(Brief descriptive captions)
————————

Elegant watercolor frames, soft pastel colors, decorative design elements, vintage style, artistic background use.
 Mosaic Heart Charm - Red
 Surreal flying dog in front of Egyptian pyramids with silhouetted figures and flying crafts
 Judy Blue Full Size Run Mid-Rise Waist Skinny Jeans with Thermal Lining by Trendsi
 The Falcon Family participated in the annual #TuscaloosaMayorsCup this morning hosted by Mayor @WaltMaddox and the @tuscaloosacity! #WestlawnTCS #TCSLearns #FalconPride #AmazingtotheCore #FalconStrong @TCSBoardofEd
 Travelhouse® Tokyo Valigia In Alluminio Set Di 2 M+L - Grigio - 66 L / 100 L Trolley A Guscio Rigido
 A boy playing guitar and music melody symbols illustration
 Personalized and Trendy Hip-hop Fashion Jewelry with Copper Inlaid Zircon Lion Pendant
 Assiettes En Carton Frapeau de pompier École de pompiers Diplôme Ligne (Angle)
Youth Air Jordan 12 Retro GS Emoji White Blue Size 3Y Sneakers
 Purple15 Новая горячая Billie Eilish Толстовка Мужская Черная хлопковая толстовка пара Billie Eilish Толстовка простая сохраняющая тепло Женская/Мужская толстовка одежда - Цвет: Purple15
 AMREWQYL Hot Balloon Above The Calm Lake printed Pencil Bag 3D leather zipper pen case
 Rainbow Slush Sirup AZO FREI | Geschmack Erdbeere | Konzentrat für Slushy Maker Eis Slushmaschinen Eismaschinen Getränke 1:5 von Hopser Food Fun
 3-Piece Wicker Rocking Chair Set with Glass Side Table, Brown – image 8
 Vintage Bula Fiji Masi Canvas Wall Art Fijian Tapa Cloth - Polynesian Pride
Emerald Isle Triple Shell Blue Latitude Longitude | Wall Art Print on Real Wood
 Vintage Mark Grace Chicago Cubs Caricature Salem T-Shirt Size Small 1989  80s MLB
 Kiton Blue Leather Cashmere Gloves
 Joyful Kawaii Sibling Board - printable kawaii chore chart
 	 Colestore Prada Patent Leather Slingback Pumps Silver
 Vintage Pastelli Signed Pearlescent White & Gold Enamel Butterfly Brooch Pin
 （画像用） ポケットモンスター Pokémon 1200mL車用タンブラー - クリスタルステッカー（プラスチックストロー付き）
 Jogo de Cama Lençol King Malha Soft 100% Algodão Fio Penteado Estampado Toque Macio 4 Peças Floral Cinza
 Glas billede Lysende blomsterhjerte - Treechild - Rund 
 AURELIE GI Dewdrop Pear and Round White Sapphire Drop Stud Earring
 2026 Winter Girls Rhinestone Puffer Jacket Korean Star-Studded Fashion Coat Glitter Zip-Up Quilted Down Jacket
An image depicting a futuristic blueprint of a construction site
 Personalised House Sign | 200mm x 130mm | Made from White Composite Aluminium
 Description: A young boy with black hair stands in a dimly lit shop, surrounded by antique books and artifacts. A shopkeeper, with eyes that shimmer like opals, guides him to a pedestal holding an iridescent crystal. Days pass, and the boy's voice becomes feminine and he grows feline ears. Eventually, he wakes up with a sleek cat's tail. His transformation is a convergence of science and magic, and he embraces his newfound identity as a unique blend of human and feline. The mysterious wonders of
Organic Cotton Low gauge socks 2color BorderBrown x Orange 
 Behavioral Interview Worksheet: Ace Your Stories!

————————

TO DO: Above are the records; from them, give again exactly the lines from the one containing "3-Piece Wicker Rocking" through the one containing "Personalised House Sign", both included.

ANSWER:
 3-Piece Wicker Rocking Chair Set with Glass Side Table, Brown – image 8
 Vintage Bula Fiji Masi Canvas Wall Art Fijian Tapa Cloth - Polynesian Pride
Emerald Isle Triple Shell Blue Latitude Longitude | Wall Art Print on Real Wood
 Vintage Mark Grace Chicago Cubs Caricature Salem T-Shirt Size Small 1989  80s MLB
 Kiton Blue Leather Cashmere Gloves
 Joyful Kawaii Sibling Board - printable kawaii chore chart
 	 Colestore Prada Patent Leather Slingback Pumps Silver
 Vintage Pastelli Signed Pearlescent White & Gold Enamel Butterfly Brooch Pin
 （画像用） ポケットモンスター Pokémon 1200mL車用タンブラー - クリスタルステッカー（プラスチックストロー付き）
 Jogo de Cama Lençol King Malha Soft 100% Algodão Fio Penteado Estampado Toque Macio 4 Peças Floral Cinza
 Glas billede Lysende blomsterhjerte - Treechild - Rund 
 AURELIE GI Dewdrop Pear and Round White Sapphire Drop Stud Earring
 2026 Winter Girls Rhinestone Puffer Jacket Korean Star-Studded Fashion Coat Glitter Zip-Up Quilted Down Jacket
An image depicting a futuristic blueprint of a construction site
 Personalised House Sign | 200mm x 130mm | Made from White Composite Aluminium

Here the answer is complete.